=== EXTRACTED RECORDS ===

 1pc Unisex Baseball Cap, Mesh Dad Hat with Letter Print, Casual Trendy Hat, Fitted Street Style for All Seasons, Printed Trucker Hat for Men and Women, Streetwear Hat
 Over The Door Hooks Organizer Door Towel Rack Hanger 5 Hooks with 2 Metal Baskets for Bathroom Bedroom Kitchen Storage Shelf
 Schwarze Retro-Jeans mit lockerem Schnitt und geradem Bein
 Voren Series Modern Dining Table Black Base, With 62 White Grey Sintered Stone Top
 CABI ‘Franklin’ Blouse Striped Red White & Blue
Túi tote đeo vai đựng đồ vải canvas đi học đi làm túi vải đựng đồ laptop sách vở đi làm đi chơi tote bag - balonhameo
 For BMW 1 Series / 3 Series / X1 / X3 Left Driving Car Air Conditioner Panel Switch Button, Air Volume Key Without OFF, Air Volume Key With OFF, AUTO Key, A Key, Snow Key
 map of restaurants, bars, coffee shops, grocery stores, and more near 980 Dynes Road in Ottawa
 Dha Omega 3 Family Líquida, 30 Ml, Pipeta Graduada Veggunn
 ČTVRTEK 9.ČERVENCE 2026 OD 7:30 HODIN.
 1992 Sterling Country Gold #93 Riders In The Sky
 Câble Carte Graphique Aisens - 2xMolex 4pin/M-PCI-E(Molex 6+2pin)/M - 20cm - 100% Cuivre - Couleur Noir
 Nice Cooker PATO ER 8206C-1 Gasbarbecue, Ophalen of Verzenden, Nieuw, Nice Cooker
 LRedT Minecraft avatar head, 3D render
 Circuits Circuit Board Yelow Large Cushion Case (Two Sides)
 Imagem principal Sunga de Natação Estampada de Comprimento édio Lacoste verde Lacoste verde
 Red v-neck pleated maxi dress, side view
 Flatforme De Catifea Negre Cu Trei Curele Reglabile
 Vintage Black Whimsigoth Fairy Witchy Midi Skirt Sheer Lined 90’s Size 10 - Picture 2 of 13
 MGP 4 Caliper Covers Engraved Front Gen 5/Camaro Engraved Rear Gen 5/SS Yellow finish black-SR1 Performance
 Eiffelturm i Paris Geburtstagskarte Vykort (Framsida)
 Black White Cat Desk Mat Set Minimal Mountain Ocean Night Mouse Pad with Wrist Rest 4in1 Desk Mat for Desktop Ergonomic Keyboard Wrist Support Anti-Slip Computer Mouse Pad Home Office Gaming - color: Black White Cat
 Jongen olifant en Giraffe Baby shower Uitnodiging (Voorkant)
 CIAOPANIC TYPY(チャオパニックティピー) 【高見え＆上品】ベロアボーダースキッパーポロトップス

===

PROBLEM TO SOLVE:
Keep only the lines from the one containing "ČTVRTEK 9.ČERVENCE 2026 OD 7:30 HODIN." through the final line of the records, and transcribe them exactly.

EXERCISE RESPONSE:
 ČTVRTEK 9.ČERVENCE 2026 OD 7:30 HODIN.
 1992 Sterling Country Gold #93 Riders In The Sky
 Câble Carte Graphique Aisens - 2xMolex 4pin/M-PCI-E(Molex 6+2pin)/M - 20cm - 100% Cuivre - Couleur Noir
 Nice Cooker PATO ER 8206C-1 Gasbarbecue, Ophalen of Verzenden, Nieuw, Nice Cooker
 LRedT Minecraft avatar head, 3D render
 Circuits Circuit Board Yelow Large Cushion Case (Two Sides)
 Imagem principal Sunga de Natação Estampada de Comprimento édio Lacoste verde Lacoste verde
 Red v-neck pleated maxi dress, side view
 Flatforme De Catifea Negre Cu Trei Curele Reglabile
 Vintage Black Whimsigoth Fairy Witchy Midi Skirt Sheer Lined 90’s Size 10 - Picture 2 of 13
 MGP 4 Caliper Covers Engraved Front Gen 5/Camaro Engraved Rear Gen 5/SS Yellow finish black-SR1 Performance
 Eiffelturm i Paris Geburtstagskarte Vykort (Framsida)
 Black White Cat Desk Mat Set Minimal Mountain Ocean Night Mouse Pad with Wrist Rest 4in1 Desk Mat for Desktop Ergonomic Keyboard Wrist Support Anti-Slip Computer Mouse Pad Home Office Gaming - color: Black White Cat
 Jongen olifant en Giraffe Baby shower Uitnodiging (Voorkant)
 CIAOPANIC TYPY(チャオパニックティピー) 【高見え＆上品】ベロアボーダースキッパーポロトップス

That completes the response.